Workspace Blueprint

This document summarizes GoodData best practices and guidance related to GoodData platform workspace component. The document focuses on performance, scalability, and workspace’s footprint rather than on functional best practices.

Workspace Structure

GoodData workspace contains following components:

  • Logical Data Model (LDM) defines structure of the workspace’s data in terms of analytical model (facts and attributes).
  • Physical Data Model (PDM) is the underlying relational data storage (database tables). PDM is generated from the LDM whenever LDM changes are committed (MAQL SYNCHRONIZE command). 
  • Analytical Objects (for example dashboards, reports, metrics) define a PostgreSQL based workspace analytical experience, calculations etc. Execution of analytical objects retrieve data from the PDM and presents it to a user.  
  • Caches are database tables that keep intermediary query results for performance purposes. Caches that have not been used for more than 24 hours are garbage collected.

Workspace provisioning requires a platform token that allocates resources (hardware nodes) for a specific platform tenant (e.g. GoodData customer). The token defines what and how many components (for example ADS, workspace, high performance workspace) a particular tenant can provision and on what HW resources these components will utilize. The token also describes a couple of important platform parameters (e.g. number of users per workspace, API requests rates allowed etc.).

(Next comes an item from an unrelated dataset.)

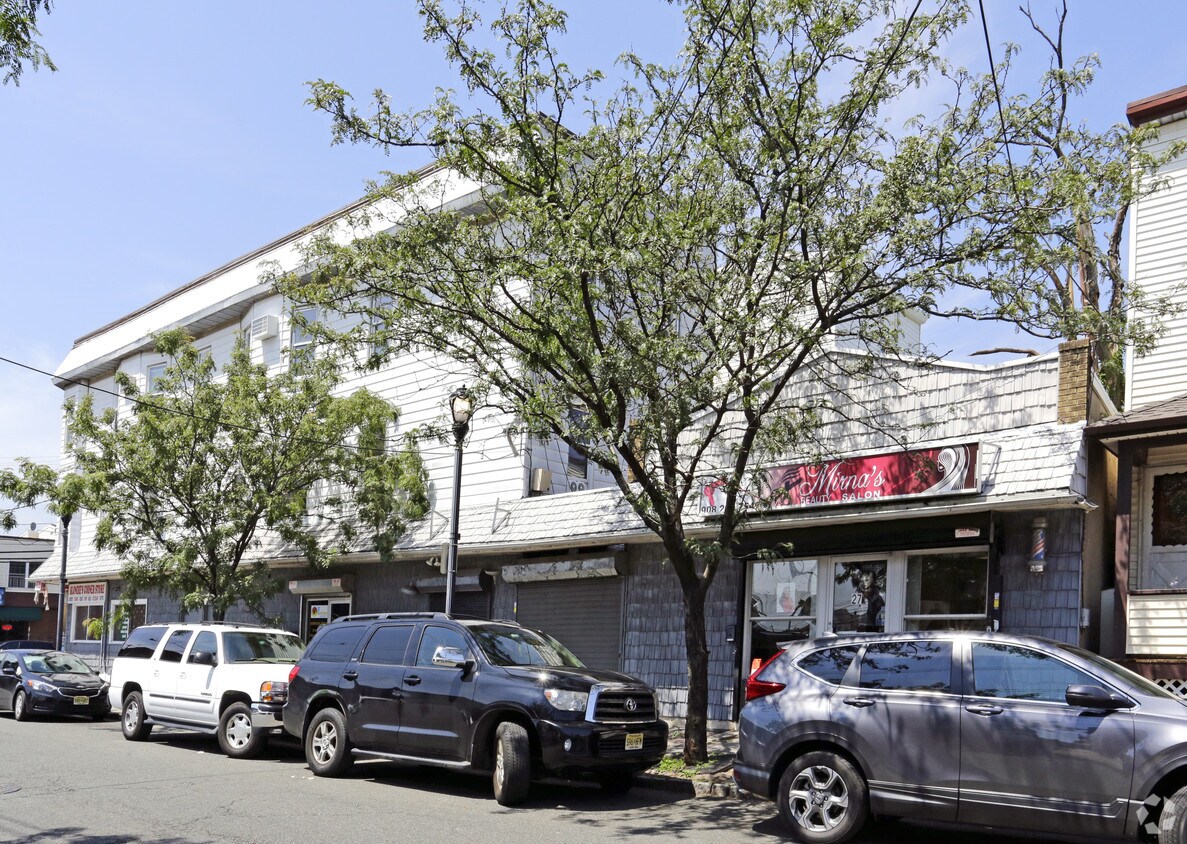 Building Photo - 801 2nd Ave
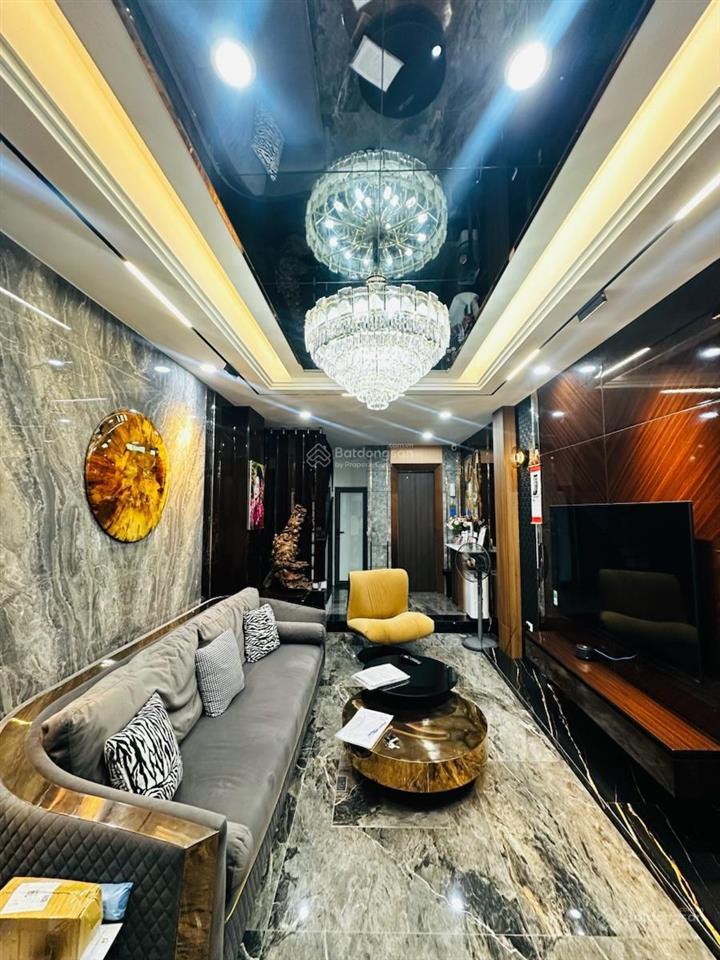 Cầu giấy 8,5 tỷ, 41m2 x 6 tầng  gần ôtô siêu thị hồ điều hòa full nội thất  ở ngay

The following sections provide guidance regarding these workspace components. 

Physical Data Model

PDM is automatically generated from the LDM. Attributes are represented by a separate table that contains a numeric attribute value (element ID) and all attribute labels (human readable values). Facts are represented as numeric columns in a fact table. Fact table maps to the LDM dataset and contains all the dataset’s facts as columns as well as foreign keys to all attribute tables (the foreign key uses the attribute element ID). 

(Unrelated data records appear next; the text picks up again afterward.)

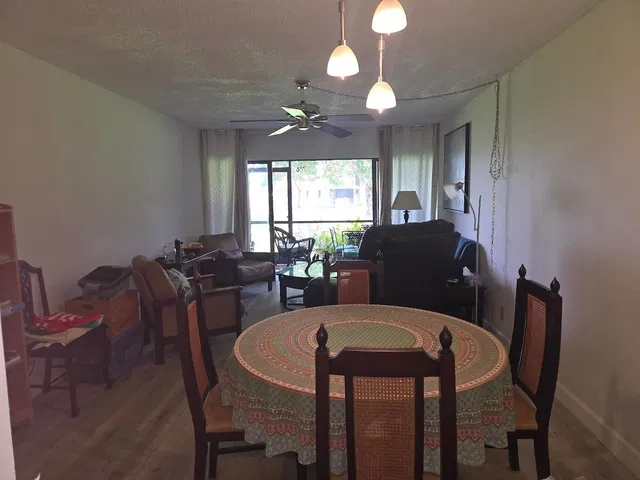 Unit H101 photo 4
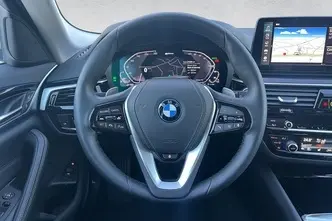 BMW 530, 215 kW, бензин, автомат, полный привод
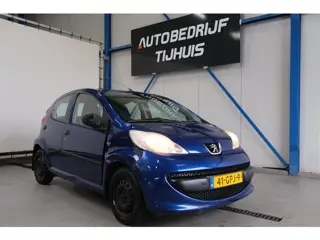 Peugeot 107 1.0-12V XR ( Schade )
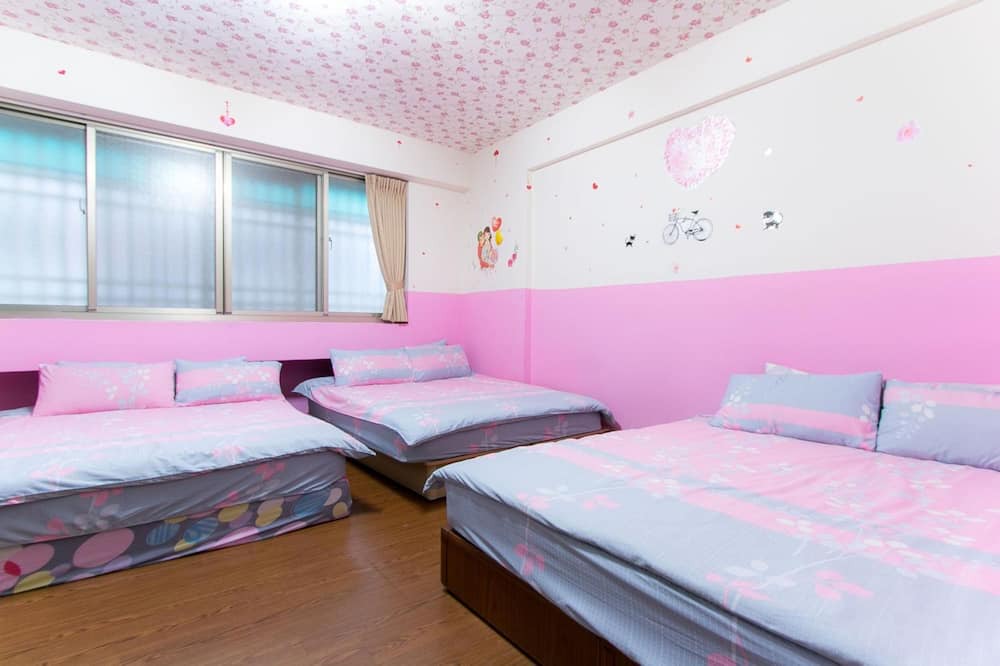 Photo of Bedroom in Xitun District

GoodData Extensible Analytical Engine (aka XAE) performs all analytical operations with facts, attribute element IDs and attribute labels (in case of the LIKE operator). It adds human readable attribute labels at the very last step before it sends the data to UI. Most analytical filters reference attribute element IDs.

As you can see, every reference (arrow) in the LDM adds one SQL join to a report SQL query. Table joins are the most expensive database operations. So it is recommended to create as flat an LDM as possible.

GoodData XAE is currently implemented on top of two DBMSes: PostgreSQL and Vertica.

PostgreSQL Workspaces

PostgreSQL is mature row-based DBMS implementation that scales well to many concurrent users and table counts.

As any row-based RDBMS it needs to read the whole table content (all columns) even when a query uses only few table columns.

A typical GoodData report uses only few columns out of many. The LDM to PDM mapping outlined above makes a lot of sense here as all attribute values (labels) are separated to the attribute table. This reduces the fact table size and makes the table scan faster.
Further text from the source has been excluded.